Sjøberg – Eu concordo que o impacto do PISA será (e de fato é!) diferente em diferentes países. O que eles têm em comum é que o ranking do PISA cria uma espécie de pânico, expresso e alimentado pela mídia e por políticos. Há um clamor para fazer “alguma coisa” para melhorar os placares (que são levados como indicadores válidos de qualidade, muitas vezes sem olhar o que está sendo medido!). Muito se procuram medidas de curto prazo que possam aumentar os placares, e há muita leitura imprecisa, em que países diferentes “inventam” suas próprias explicações para o fracasso e soluções para corrigir o problema. É também importante lembrar que, no máximo, o PISA é feito sob medida para países industrializados altamente desenvolvidos e ricos. Logo, nem o teste nem os remédios são feitos para outras nações.

A OECD certamente percebe isso, e eles estão construindo um teste “PISA para desenvolvimento”. Com isso, a OECD, de mãos dadas com a indústria da educação comercial global, está entrando no mercado também em países de renda mais baixa, muitas vezes acompanhada por produtos e sistemas que implicam um tipo de neocolonialismo.

SBF – Independentemente do PISA, nós aqui no Brasil vivemos num sistema que é mais e mais focado em testes, de modo geral. Não deveríamos estar encorajando nossos estudantes a pensar em vez de treinando-os para ser realizadores de provas?

Sjøberg – Provas sempre têm um papel central em qualquer sistema educação. Você precisa saber quais são suas metas e objetivos, e precisa saber até que grau você atinge as metas. Isso opera em todos os níveis: autodidata, classe, escola, comunidade e país (e também com uma perspectiva internacional mais ampla). Todos os professores usam algum tipo de teste como instrumento formador assim como sintetizador em seu ensino. E os formuladores de políticas e políticos também precisam saber como seu sistema escola funciona. Além disso, eu não acho que essa instância seja controversa — a alternativa é realmente trabalhar sem saber se você está atingindo as metas que você quer atingir.

Isso significa que precisamos de professores, líderes escolares e formuladores de política que saibam bastante sobre testes, suas vantagens, perigos e limitações. Essa especialidade está ausente em muitos países, inclusive em países ricos. Isso os torna vulneráveis a pressões de programas como o PISA, assim como de fornecedores comerciais de sisteams de testes e “gerenciamento de qualidade”.

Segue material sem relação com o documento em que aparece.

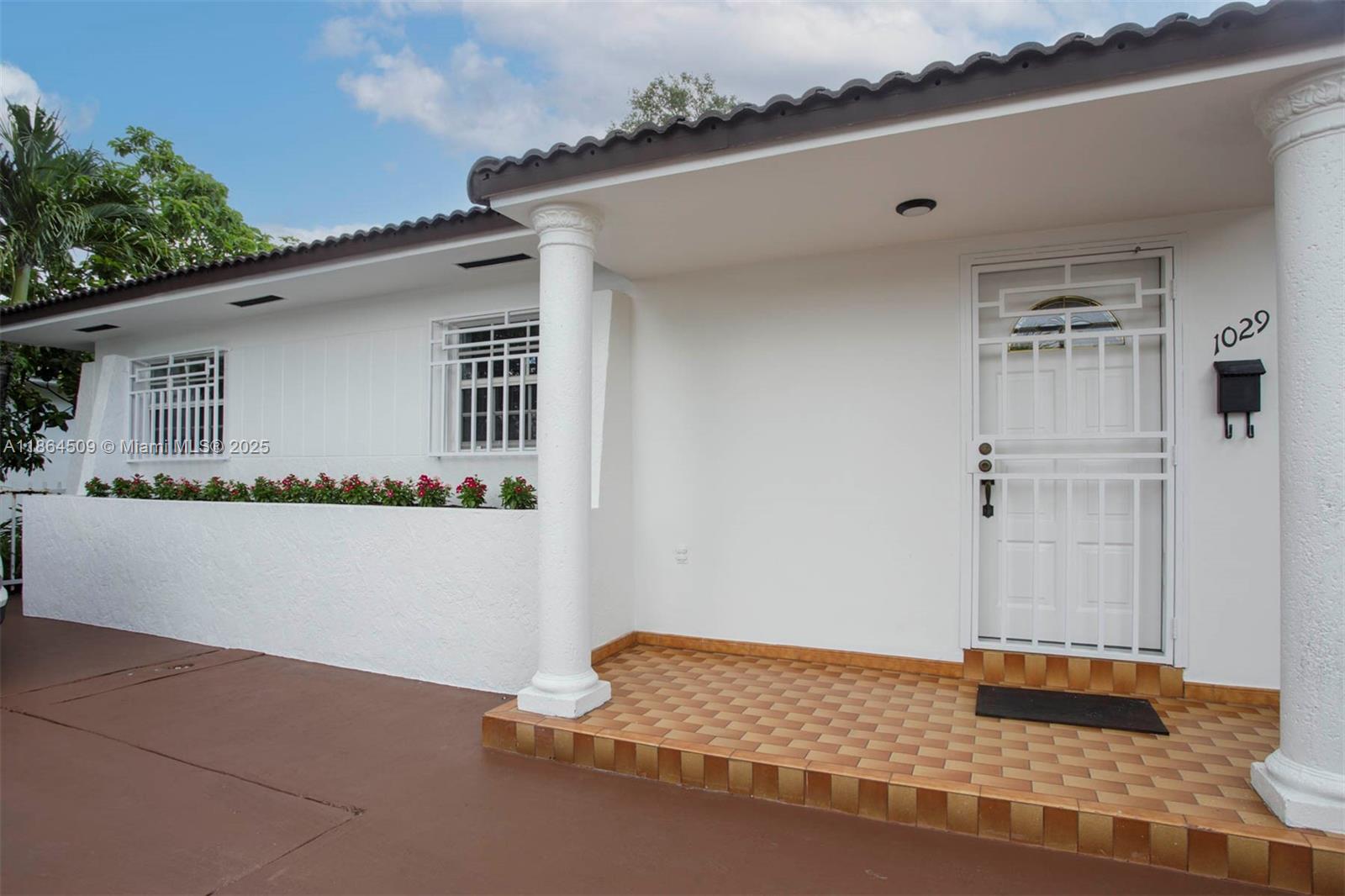 GRAPELAND CENTER - фото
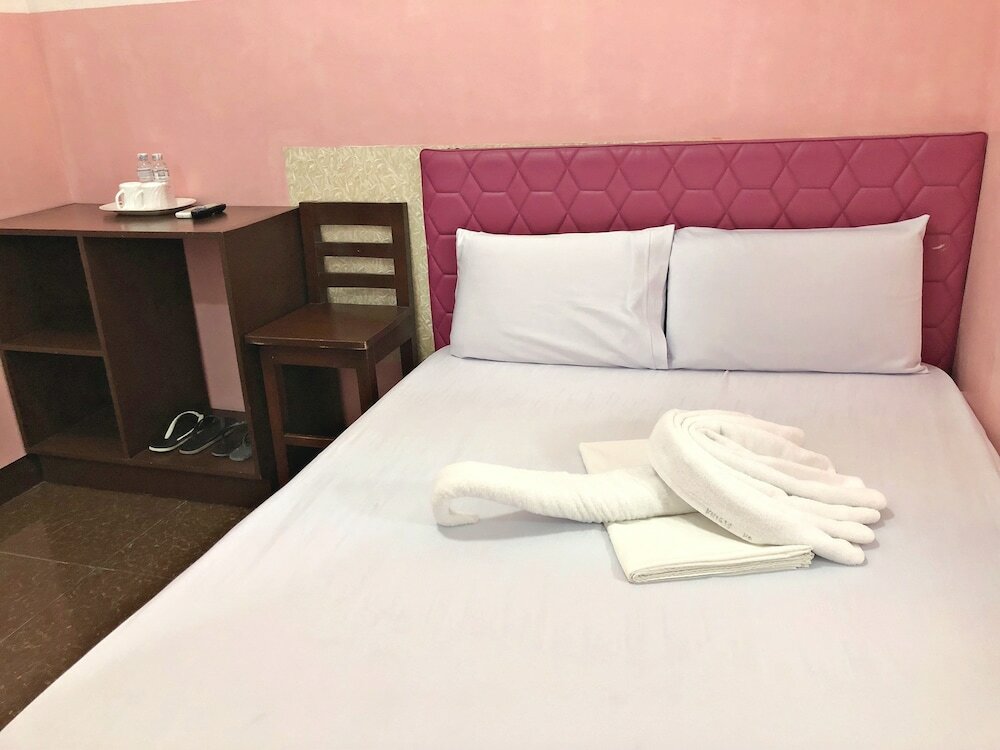 Фото Knights Ko Suites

Bem, tudo isso provavelmente tangencia a sua pergunta. Deixe-me ser mais direto na sua pergunta.

Países demais são obsecados com testes e rankings. Os “vencedores do PISA” asiáticos são exemplso claros. A história por trás disso é longa e conectada com a herança de Confúcio de trabalho duro, respeito e obediência, lealdade à autoridade. Como todos os cientistas sabem, esses valores vão na direção contrária do que valorizamos na ciência de verdade (assim como em uma sociedade democrática!). A contenda para encontrar “respostas certas” em testes pode contradizer uma tentativa de encorajar a fantasia, a criatividade e o pensamento crítico.

O equilíbrio correto entre algum tipo de teste/monitoramento da qualidade e o desenvolvimento do indivíduo para se tornar um cidadão forte, empoderado e critíco (e alguns desses bons cientistas) não é fácil de encontrar.